A localização, nomeadamente através dos sistemas de informação geográfica (SIG), desempenha um papel fundamental na concretização destes projectos. Segundo a Esri Portugal, a expansão do uso e combinação de SIG e sensores IoT, face aos benefícios comprovados, é hoje uma realidade. No caso das utilities, em particular no sector da água, “a combinação dos SIG com sensores inteligentes tem sido utilizada para reduzir as perdas e os custos de manutenção e planeamento”, adianta Nuno Pereira Leite. “A activação destes sensores permite incorporar a localização de leituras acústicas, electromagnéticas e termais – localizando rapidamente perdas e infra-estruturas danificadas. Os dados dos sensores são capturados e integrados com aplicações SIG que alertam e mostram, aos técnicos de serviço, a secção de rede danificada sobre um mapa digital (muitas vezes num tablet, laptop robusto ou outros dispositivos móveis).

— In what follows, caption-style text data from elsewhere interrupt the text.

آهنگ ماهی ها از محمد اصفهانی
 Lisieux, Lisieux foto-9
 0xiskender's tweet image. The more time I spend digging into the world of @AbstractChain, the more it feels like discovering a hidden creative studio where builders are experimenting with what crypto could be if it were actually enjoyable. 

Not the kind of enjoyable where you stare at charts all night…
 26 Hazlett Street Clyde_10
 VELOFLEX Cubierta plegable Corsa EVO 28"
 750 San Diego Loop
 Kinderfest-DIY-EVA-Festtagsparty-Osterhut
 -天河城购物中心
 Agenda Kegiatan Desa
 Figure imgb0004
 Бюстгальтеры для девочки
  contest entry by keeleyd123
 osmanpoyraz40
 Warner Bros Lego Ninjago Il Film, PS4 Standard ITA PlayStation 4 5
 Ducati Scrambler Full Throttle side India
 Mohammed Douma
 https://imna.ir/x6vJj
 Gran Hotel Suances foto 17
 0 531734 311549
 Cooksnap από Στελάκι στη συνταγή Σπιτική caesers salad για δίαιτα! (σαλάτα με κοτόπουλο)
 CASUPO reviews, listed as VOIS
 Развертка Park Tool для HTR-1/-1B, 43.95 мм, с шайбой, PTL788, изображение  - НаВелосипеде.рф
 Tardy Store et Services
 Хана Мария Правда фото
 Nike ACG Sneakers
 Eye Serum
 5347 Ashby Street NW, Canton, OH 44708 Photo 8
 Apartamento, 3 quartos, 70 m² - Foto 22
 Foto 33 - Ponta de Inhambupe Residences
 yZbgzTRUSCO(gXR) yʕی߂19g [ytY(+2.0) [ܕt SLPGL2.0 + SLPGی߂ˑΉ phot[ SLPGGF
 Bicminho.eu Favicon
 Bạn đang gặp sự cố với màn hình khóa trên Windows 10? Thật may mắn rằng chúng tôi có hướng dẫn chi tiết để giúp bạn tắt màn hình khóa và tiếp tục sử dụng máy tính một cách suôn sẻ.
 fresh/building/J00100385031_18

As aplicações SIG permitem aos técnicos de serviço ver, localizado, o troço de rede danificado e quaisquer outras infra-estruturas na sua imediação, o que economiza muito tempo e dinheiro gasto à procura do problema, permitindo adicionalmente reparos oportunos que limitam danos e o impacto futuro nas áreas e sistemas circundantes”, exemplifica.
Pedras no caminho
“Hoje em dia as ‘coisas’ já estão todas ligadas entre si: carros, estradas, pontes, túneis, estações, redes de água, energia, comunicações e edifícios”, constata Nuno Pereira Leite. A razão é simples: “optimizar tempo, custos, recursos, planear acções preventivas, monitorizar aspectos de segurança e, em simultâneo, maximizar os serviços para o cidadão”. Mas, a par de todo este potencial, a IoT é assombrada por alguns fantasmas, que vão desde a energia à capacidade de comunicação, interoperabilidade, armazenamento, etc. Na opinião dos especialistas, a segurança e a privacidade são temas incontornáveis.
“O aumento do número de dispositivos conectados e o potencial desconhecimento das necessidades de segurança pelos seus correspondentes utilizadores provocará um aumento de ‘mercado’ de hackers e estes mesmos dispositivos poderão funcionar como porta de entrada”, elucida Vasco Almeida, apontando a utilização de standards e a modelação como possíveis soluções. Para Pedro Maló, este é um risco que vai existir sempre, não obstante todas as soluções de segurança que vão sendo criadas. A resposta parece passar impreterivelmente por pesar os prós e os contra, mas também, aponta o responsável da Indra, por ter uma comunidade que envolva todas as partes, incluindo os cidadãos, disposta a ultrapassar os desafios e permitir à comunidade usufruir dos benefícios.
Mas não são só as questões tecnológicas que preocupam os especialistas. A iliteracia digital e consequente exclusão, que são muitas vezes acentuadas por questões como as alterações demográficas ou o envelhecimento da população, também fazem parte dos desafios desta nova fase tecnológica. A estes Pedro Maló acrescenta uma visão mais crítica: Estamos a ser geridos por tecnocratas que só vêem números e a IoT vai no sentido de lhes dar ainda mais informação para justificarem as suas decisões; acontece que nem sempre as decisões que se tomam [com base em números] são as melhores para as pessoas, para a sociedade”. Perante a rapidez do avanço da tecnologia, o docente acredita que é preciso “quem pense” de forma crítica e responsável, e apela: “Precisamos de construir cidades mais eficientes e ordenadas mas ao mesmo tempo mais justas e solidárias, temos esse dever para com os nossos filhos”.